● **Material to process**
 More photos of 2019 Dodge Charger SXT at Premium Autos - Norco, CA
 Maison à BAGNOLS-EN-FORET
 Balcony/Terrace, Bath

==

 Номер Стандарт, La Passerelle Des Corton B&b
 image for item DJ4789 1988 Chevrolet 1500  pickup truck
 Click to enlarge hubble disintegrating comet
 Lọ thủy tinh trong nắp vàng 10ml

● **Exercise brief**
When you reach the line holding "image for item" in the records above, begin reproducing exactly, stop after the line holding "Lọ thủy tinh trong nắp vàng 10ml", and output nothing else.

● **Reply to the exercise**
 image for item DJ4789 1988 Chevrolet 1500  pickup truck
 Click to enlarge hubble disintegrating comet
 Lọ thủy tinh trong nắp vàng 10ml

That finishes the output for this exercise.